On the reproduction of the 8B-DPO model #588

tianbuwei opened this issue Feb 28, 2025 · 3 comments

Comments

@tianbuwei
Copy link

tianbuwei commented Feb 28, 2025

Thank you very much for your work. I am reproducing the 8B-DPO model, and I find that there is a big difference between the reproduced results and the results in your paper. Could you please help me to check whether my training script is correct?
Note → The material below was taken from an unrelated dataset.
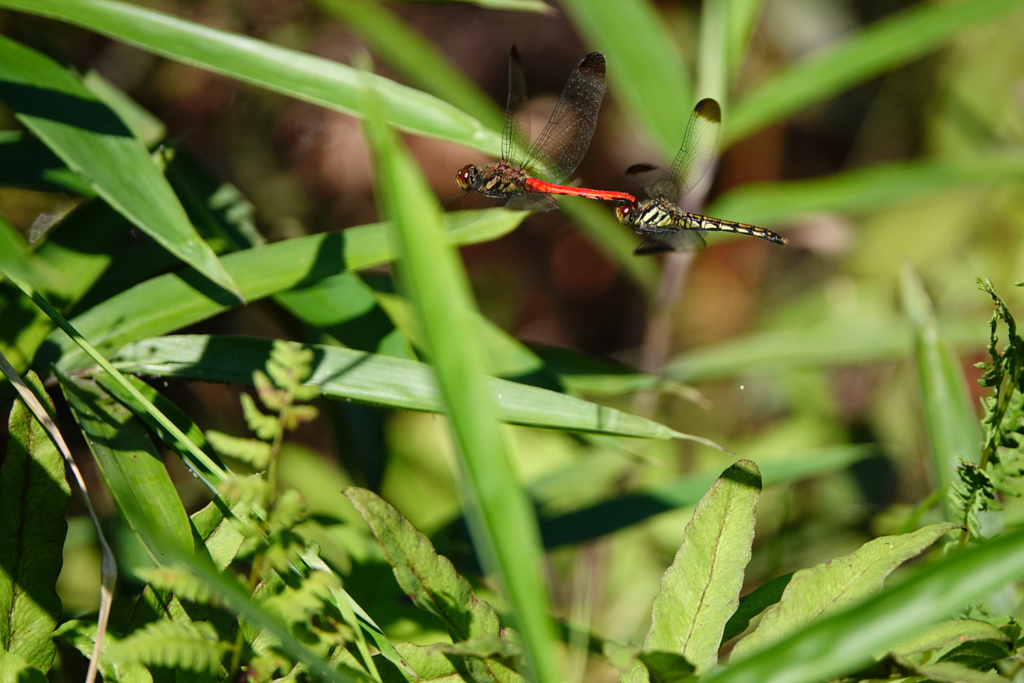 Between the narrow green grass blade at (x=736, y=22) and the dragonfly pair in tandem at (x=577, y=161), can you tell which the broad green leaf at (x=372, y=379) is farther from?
the narrow green grass blade at (x=736, y=22)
This is the comparison result between our model and the official model
Image


Here is our training script, we used 4 machines with 32 Gpus

# modify the following `MACHINE_RANK`, `MAIN_PROCESS_IP`,
# `NUM_MACHINES`, `NUM_PROCESSES`, `PER_DEVICE_TRAIN_BATCH_SIZE`,
# `GRADIENT_ACCUMULATION_STEPS` according to your setup
export NCCL_TIMEOUT=0
export NCCL_BLOCKING_WAIT=1
export NCCL_ASYNC_ERROR_HANDLING=1
export NCCL_DEBUG=INFO

MACHINE_RANK=0
MAIN_PROCESS_IP=10.0.26.202
NUM_MACHINES=4
NUM_PROCESSES=32
PER_DEVICE_TRAIN_BATCH_SIZE=1
GRADIENT_ACCUMULATION_STEPS=1

accelerate launch \
    --mixed_precision bf16 \
    --num_machines $NUM_MACHINES \
    --num_processes $NUM_PROCESSES \
    --machine_rank $MACHINE_RANK \
    --main_process_ip $MAIN_PROCESS_IP \
    --main_process_port 29400 \
    --use_deepspeed \
    --deepspeed_config_file configs/ds_configs/stage3_no_offloading_accelerate.conf \
    --deepspeed_multinode_launcher standard open_instruct/dpo_tune_cache.py \
    --model_name_or_path models/Llama-3.1-Tulu-3-8B-SFT \
    --tokenizer_name models/Llama-3.1-Tulu-3-8B-SFT \
    --use_flash_attn \
    --max_seq_length 2048 \
    --preprocessing_num_workers 16 \
    --per_device_train_batch_size $PER_DEVICE_TRAIN_BATCH_SIZE \
    --gradient_accumulation_steps $GRADIENT_ACCUMULATION_STEPS \
    --learning_rate 5e-07 \
    --lr_scheduler_type linear \
    --warmup_ratio 0.1 \
    --weight_decay 0.0 \
    --num_train_epochs 1 \
    --output_dir output/dpo_8b \
    --with_tracking \
    --report_to wandb \
    --logging_steps 1 \
    --model_revision main \
    --gradient_checkpointing \
    --dataset_mixer_list data/llama-3.1-tulu-3-8b-preference-mixture 1.0 \
    --use_slow_tokenizer \
    --use_lora False \
    --dpo_loss_type dpo_norm \
    --dpo_beta 5 \
    --checkpointing_steps epoch \
    --exp_name tulu3-8B-dpo > logs/tulu3-8b-dpo/tulu3-8B-GPU${MACHINE_RANK}.log 2>&1 & 
# For Ai2 internal members, this was the experiment URL: https://beaker.org/ex/01JCSAYYHQYF9QDQDCV6KJ53M9/

Second, I noticed that in the training script you gave for the 8B model, GPUs*gradient_accumulation_steps=8*16=128. But the effective batch_size you give in your paper is 32, which should I follow?
This is the script you gave:https://github.com/allenai/open-instruct/blob/main/docs/tulu3.md
Image

This is a screenshot from your paper:

Image

@vwxyzjn
Copy link
Collaborator

vwxyzjn commented Feb 28, 2025

Thanks for reporting this issue. I double checked our internal log (the beaker link) and confirm that was the command used to do training. Then the paper should have been batch size (effective) 128) for the 8B model. Sorry about that!

Image

@vwxyzjn
Copy link
Collaborator

vwxyzjn commented Feb 28, 2025

I am not sure why there is lower mmlu / math flex score in the picture you shared. We recently evaluated it again and found numbers to be consistent.

Image

Maybe it's the eval setup? We use https://github.com/allenai/olmes for evaluation (though we use an internal fork via the following script)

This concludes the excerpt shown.